Cumulative Waves of Transport Development

Cumulative Waves of Transport Development

Transportation is often referred to as an enabling technology since its modes, terminals, and infrastructure support and expand economic and social interactions. Transport development tends to be a cumulative process as each new transport technology adds to the capacity and mobility potential of the previous technologies. Larger quantities of freight and more people can be moved more quickly and efficiently. Developments in transport may also lead to the obsolescence and decline of prior technologies when serving similar markets. Since the modern era, five major waves of transport developments can be identified, each with a transport technology that had fundamental impacts on the mobility of passengers and freight:

  • First wave; sailships.

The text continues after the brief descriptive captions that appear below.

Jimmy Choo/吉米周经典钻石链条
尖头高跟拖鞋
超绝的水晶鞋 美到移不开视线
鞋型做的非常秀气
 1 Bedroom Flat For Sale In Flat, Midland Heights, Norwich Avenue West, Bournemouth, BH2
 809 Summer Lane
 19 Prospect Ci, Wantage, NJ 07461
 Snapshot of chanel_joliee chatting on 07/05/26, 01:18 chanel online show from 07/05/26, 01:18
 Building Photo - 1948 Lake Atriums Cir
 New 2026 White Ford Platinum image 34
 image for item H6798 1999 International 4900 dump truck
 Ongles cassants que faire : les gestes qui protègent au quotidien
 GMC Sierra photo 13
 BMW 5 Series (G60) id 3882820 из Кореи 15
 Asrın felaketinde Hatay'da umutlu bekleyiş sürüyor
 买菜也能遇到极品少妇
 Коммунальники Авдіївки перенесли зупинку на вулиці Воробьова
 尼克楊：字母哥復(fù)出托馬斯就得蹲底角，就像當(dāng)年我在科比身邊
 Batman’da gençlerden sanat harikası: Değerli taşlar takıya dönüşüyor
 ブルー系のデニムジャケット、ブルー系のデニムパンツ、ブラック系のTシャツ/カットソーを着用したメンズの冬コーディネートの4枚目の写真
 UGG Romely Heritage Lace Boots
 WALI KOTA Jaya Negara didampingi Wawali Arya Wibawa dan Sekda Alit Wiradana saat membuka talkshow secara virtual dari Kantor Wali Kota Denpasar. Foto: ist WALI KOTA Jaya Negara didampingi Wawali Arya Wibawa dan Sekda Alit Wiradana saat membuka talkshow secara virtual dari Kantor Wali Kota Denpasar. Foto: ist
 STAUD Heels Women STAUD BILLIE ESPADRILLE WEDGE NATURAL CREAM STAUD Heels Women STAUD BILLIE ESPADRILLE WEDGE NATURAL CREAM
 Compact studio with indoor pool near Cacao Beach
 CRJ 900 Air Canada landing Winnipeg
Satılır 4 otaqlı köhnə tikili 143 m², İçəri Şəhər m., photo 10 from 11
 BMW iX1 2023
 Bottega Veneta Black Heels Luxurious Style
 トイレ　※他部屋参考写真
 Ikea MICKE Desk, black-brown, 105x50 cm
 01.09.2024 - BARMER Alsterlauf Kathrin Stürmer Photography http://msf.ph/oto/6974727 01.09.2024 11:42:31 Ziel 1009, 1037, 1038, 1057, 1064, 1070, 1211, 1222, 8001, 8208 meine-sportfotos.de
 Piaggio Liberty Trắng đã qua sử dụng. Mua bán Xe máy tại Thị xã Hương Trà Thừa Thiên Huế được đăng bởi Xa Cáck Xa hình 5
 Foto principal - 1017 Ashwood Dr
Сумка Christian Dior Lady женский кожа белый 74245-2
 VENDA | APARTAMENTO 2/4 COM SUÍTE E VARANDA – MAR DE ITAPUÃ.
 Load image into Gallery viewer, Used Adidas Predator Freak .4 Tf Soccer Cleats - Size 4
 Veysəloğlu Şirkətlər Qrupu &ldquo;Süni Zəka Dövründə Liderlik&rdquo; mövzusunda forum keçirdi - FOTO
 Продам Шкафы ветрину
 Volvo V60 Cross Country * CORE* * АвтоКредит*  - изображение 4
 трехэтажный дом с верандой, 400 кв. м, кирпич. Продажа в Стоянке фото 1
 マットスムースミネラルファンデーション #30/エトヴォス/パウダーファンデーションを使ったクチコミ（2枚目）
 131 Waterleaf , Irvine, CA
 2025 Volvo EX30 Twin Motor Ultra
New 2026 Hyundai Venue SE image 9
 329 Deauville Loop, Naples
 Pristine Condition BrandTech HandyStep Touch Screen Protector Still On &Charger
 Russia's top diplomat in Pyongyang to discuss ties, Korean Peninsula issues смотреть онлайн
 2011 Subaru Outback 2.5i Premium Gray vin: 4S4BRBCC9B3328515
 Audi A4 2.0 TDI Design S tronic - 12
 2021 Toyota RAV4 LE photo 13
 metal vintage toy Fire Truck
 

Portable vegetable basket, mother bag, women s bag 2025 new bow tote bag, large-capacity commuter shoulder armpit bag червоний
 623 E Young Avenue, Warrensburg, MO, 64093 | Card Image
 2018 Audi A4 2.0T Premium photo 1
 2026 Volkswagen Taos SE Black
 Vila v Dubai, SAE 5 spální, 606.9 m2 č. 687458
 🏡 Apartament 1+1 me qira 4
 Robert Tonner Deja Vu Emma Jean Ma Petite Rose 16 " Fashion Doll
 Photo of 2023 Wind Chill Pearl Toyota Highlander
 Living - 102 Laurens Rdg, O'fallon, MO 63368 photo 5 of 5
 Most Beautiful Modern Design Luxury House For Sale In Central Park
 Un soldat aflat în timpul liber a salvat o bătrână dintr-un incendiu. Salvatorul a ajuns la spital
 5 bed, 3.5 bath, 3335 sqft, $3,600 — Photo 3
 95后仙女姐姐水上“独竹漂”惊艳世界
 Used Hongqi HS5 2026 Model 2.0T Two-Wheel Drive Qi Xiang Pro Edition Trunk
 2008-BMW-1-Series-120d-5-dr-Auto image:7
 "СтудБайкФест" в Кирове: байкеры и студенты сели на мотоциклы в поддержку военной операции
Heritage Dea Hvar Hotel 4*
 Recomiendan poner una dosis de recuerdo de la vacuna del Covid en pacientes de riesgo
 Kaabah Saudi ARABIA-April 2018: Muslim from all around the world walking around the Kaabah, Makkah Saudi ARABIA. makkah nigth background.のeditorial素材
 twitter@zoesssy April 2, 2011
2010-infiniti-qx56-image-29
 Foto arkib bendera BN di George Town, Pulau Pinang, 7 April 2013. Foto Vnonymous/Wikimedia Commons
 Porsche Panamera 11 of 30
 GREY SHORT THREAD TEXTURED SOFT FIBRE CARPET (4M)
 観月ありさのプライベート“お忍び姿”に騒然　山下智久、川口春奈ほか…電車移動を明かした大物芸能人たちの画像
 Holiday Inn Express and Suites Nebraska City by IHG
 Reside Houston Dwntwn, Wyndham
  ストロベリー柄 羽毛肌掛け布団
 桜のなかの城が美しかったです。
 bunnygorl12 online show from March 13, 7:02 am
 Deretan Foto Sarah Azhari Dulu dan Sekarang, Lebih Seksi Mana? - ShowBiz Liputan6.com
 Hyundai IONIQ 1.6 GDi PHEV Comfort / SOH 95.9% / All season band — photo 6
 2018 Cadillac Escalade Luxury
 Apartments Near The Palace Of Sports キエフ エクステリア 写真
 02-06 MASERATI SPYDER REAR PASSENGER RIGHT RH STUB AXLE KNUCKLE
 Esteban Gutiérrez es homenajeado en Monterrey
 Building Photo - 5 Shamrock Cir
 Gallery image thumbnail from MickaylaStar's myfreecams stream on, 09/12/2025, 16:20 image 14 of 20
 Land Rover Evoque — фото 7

The mastery of high sea navigation in the mid-16th and early 17th centuries led to the gradual setting of a global trade network supported by the emergence of colonial empires. Long-distance transportation became reliable, but still subject to dominant wind and sea current patterns.
  • Second wave; canals. The early stages of the industrial revolution in the 19th century were accompanied by the setting of canals complementing existing rivers or linking them. They provided the first level of inland access with the economies of scale they could confer, but such accessibility was highly punctual, where canals could be built. Although canal systems have historically been set in other parts of the world (China being the most salient example), their impacts on economic development are the most significant in Western Europe and North America. Even if, later on, canal systems were supplemented by railways for many commercial relations, they remained active transport modes, particularly in Europe, China, and North America.
  • Third wave; railways and steamships. In the second half of the 19th century, the setting of rail systems permitted the first effective forms of inland accessibility and concomitantly of cohesive national transport systems, but interconnecting different rail systems took time. At the beginning of the 20th century, rail systems were the dominant mode of supporting passengers and freight flows. The structure of railway systems took different shapes depending on the population density and the distribution of resources such as mining and agriculture. Although their relative importance has declined with the setting of highways, railways are far from being an obsolete technology with the setting of high-speed rail systems around the world as well as their conversion to intermodalism. On the maritime side, in the late 19th century, the steamship would mark the demise of the sailship, but not of commercial maritime shipping networks that continued to expand to support more comprehensive international trade volumes and the long-distance mobility of passengers.
  • Fourth wave; highways. The diffusion of the internal combustion engine and the availability of cheap oil supplies enabled the setting of individual mobility as well as trucking. This, however, could not occur without the construction of national highway systems, such as the Interstate in the United States. Another important impact of the highways was the setting of lower density forms of urbanization, namely suburbs.
  • Fifth wave; airports and containerships. The introduction of jet services in the late 1950s permitted for the first time the setting of true global mobility systems where locations could be reached within hours. Airports became important nodes in the national and global systems of passenger flows as well as freight flows. On the maritime side, the containership, including the massification of bulk shipping, would strengthen global commercial relations to an unparalleled level by setting global distribution systems.